§ **What the task requires**: Your copy should hold only the lines from the one holding "中新武威观｜石榴同心 筑梦凉州" through the last line of the records below, both included, each exact and with no pictures.

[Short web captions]
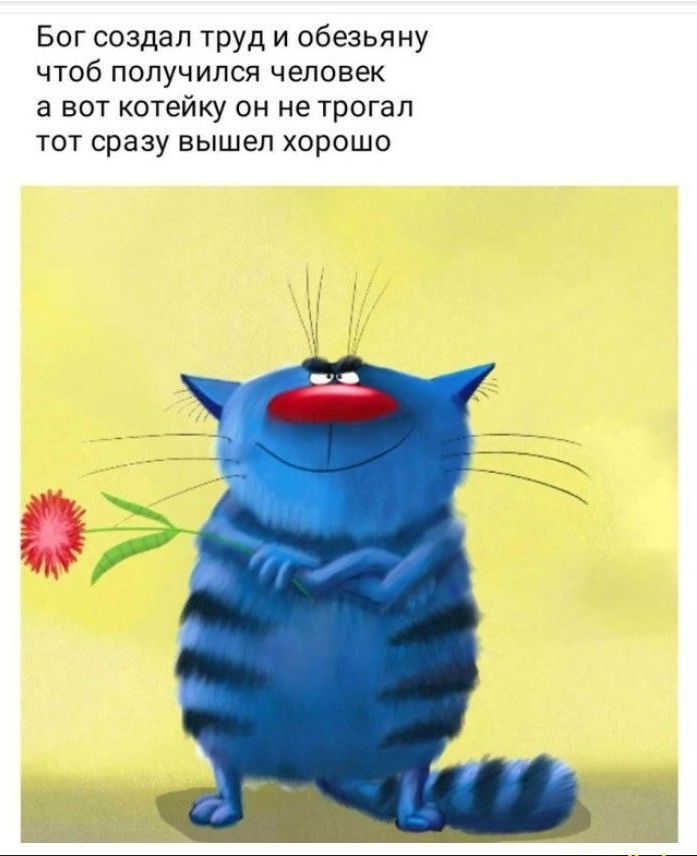 Бог создал труд и обезьяну тоб получился человек а вот котейку он не трогал тот сразу вышел хорошо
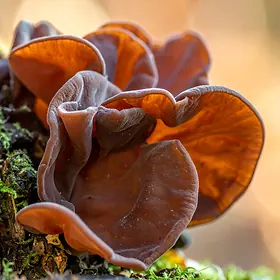 Wood Ear Mushroom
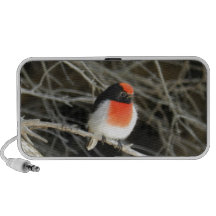 little robin redbreast bird sitting on a twig portable speakers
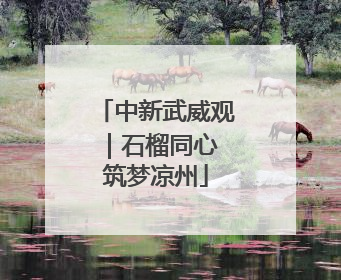中新武威观｜石榴同心 筑梦凉州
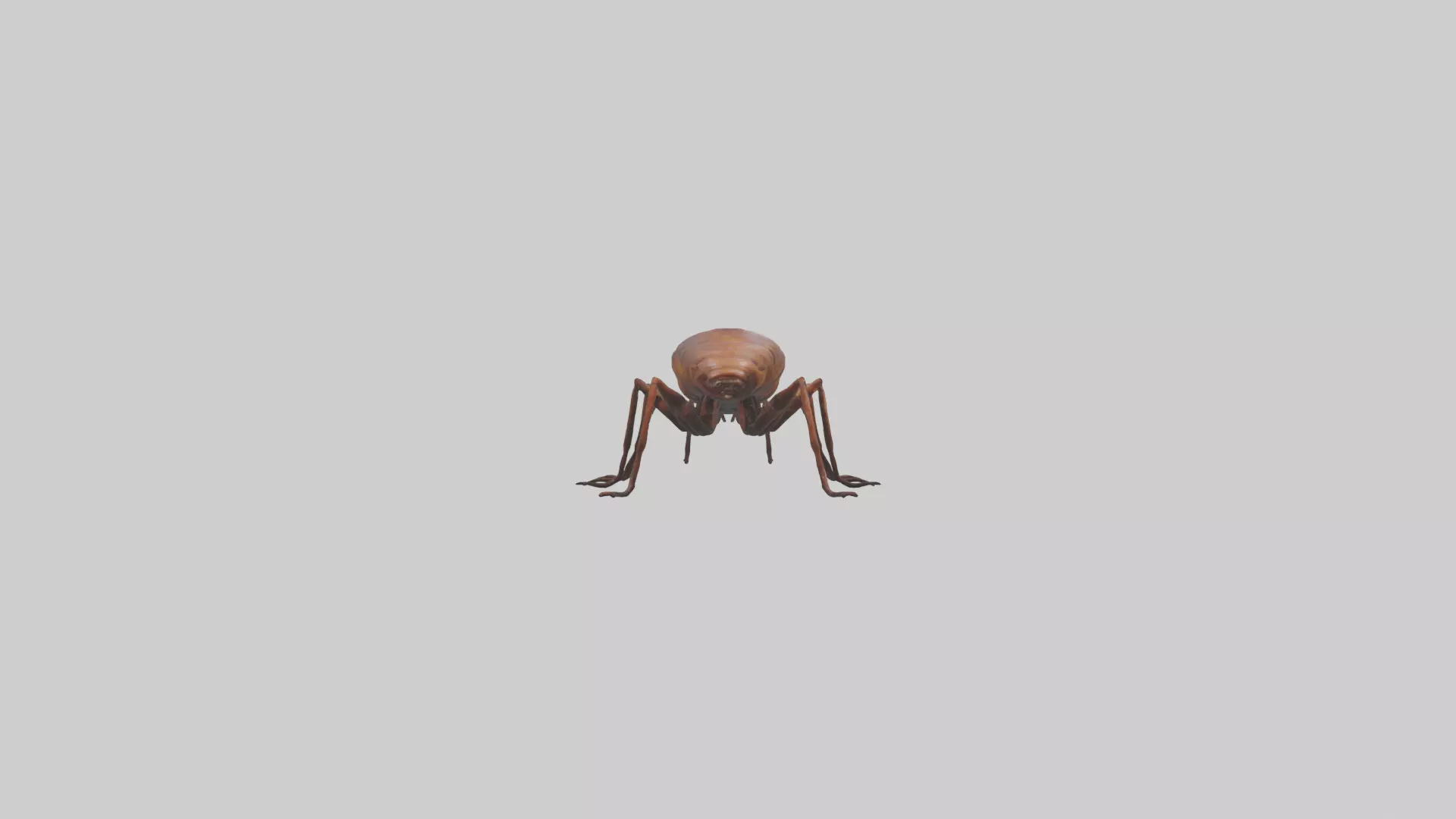 Centipede crawling model 3D model_0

§ **Your response**:
中新武威观｜石榴同心 筑梦凉州
 Centipede crawling model 3D model_0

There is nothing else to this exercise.